3.2 Practical Activity — USA Housing Dataset
Dataset (USA Housing) available from the CBSE Handbook's Google-Drive link.
1. Load & Peek
import pandas as pd df = pd.read_csv('USA_Housing.csv') df.head() df.info() df.describe()
Examining the count reveals that all columns contain 5000 values → no missing values anywhere.
2. Exploratory Data Analysis
Use df.corr() for correlations, and Matplotlib/Seaborn for scatter-plots between each feature and the target (Price). Strong linear trends indicate good predictors.
3. Train–Test Split (80 : 20)
from sklearn.model_selection import train_test_split X = df[['Avg. Area Income','Avg. Area House Age','Avg. Area Number of Rooms', 'Avg. Area Number of Bedrooms','Area Population']] y = df['Price'] X_train, X_test, y_train, y_test = train_test_split(X, y, test_size=0.2, random_state=42) # 4000 rows for training (80% of 5000) · 1000 rows for testing
4. Apply Linear Regression
from sklearn.linear_model import LinearRegression model = LinearRegression() model.fit(X_train, y_train) print("Intercept:", model.intercept_) print("Coefficients:", model.coef_)
5. Predict & Compare
predictions = model.predict(X_test) import matplotlib.pyplot as plt plt.scatter(y_test, predictions) plt.xlabel('Actual Price') plt.ylabel('Predicted Price') plt.title('Actual vs Predicted') plt.show()
We observe there is a difference between actual and predicted values. The next chapter (Data Science Methodology · Unit 2) covers how to calculate the error, evaluate the model and test its accuracy.
- Primary data structure in Pandas → Series (not List/Tuple/Matrix).
- fillna(0) → fills missing values with zeros.
- Library typically used for importing/managing data for Linear Regression → Pandas.
- Read CSV → pd.read_csv("filename.csv").
- df.shape → number of rows and columns in the DataFrame.
- Export DataFrame → to_csv().
Quick Revision — Key Points to Remember
- Python libraries = pre-written toolkits so we don't code from scratch.
- NumPy (Numerical Python) = numerical computing + array-processing.

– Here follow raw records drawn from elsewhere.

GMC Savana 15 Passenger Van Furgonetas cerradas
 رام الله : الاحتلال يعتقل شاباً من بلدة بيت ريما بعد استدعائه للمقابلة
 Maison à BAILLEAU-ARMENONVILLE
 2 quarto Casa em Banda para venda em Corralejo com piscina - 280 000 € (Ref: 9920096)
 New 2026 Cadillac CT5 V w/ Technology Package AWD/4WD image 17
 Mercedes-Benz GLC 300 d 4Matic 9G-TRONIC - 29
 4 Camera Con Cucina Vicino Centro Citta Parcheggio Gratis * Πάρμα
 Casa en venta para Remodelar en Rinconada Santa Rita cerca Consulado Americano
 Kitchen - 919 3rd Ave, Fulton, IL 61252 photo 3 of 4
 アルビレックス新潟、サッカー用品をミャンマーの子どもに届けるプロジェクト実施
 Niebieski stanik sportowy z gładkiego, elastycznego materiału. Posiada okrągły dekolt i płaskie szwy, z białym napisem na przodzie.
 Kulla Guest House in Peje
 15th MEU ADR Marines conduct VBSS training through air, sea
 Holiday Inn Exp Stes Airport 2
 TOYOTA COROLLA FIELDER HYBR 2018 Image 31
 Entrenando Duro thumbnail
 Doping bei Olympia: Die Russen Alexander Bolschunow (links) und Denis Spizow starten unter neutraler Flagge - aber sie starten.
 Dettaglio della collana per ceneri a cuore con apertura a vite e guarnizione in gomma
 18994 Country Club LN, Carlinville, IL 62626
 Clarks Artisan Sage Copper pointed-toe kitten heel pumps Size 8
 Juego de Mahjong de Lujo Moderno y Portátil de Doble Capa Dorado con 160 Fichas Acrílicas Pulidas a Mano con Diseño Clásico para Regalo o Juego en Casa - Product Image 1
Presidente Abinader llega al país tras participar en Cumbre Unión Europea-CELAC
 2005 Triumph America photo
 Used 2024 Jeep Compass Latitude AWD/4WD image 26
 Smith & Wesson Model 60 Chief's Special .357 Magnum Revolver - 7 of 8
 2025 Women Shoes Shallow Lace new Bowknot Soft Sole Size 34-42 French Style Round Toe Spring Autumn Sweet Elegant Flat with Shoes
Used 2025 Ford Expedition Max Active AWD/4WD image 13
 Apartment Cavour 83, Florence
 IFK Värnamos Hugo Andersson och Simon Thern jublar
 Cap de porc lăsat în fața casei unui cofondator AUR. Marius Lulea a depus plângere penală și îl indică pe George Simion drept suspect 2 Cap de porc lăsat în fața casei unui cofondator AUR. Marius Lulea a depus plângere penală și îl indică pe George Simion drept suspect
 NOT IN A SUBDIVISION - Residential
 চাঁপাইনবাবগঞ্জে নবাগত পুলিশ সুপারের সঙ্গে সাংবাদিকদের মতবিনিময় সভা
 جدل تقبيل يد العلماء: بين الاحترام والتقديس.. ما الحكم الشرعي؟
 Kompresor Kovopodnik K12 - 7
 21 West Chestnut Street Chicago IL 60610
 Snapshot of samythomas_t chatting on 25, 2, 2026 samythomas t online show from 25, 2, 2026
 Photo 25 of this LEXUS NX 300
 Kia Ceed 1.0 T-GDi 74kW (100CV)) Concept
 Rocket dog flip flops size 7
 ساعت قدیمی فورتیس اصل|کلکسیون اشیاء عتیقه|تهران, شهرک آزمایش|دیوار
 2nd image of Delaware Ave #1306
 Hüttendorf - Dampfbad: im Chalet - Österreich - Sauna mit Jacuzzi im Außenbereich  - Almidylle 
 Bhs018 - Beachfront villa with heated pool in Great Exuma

Rank = number of dimensions.
- Pandas = data manipulation & analysis — vital in AI / data-driven decisions.
- 2 Pandas data structures: Series (1-D) · DataFrame (2-D).
- Create DataFrame from: NumPy arrays · Dictionary of lists · List of dictionaries.
- Add column: df['NewCol'] = [...]. Add row: df.loc['RowLabel'] = [...].
- Delete: df.drop(label, axis=0) row · axis=1 column.
- Attributes: df.index · df.columns · df.shape · df.head(n) · df.tail(n).
- CSV = Comma-Separated Values — simple tabular text files.
- Import CSV: pd.read_csv("file.csv").
- Export CSV: df.to_csv("file.csv", index=False).
- Handling missing values — 2 strategies: Drop the row · Estimate (fill) the value.
- isnull() → True/False for missing. dropna() → removes rows with NaN. fillna(num) → replaces NaN with num.
- np.NaN represents a missing numeric value.
- Linear Regression (advanced) predicts continuous values using y = mx + c.
- LR workflow: Load data → EDA → Split X/y → 80:20 Train-Test split → Train with LinearRegression() → Predict → Compare actual vs predicted.
- sklearn modules used: model_selection.train_test_split · linear_model.LinearRegression.
- Case-study dataset: USA_Housing.csv (5000 rows · no missing values · 80:20 → 4000 train / 1000 test).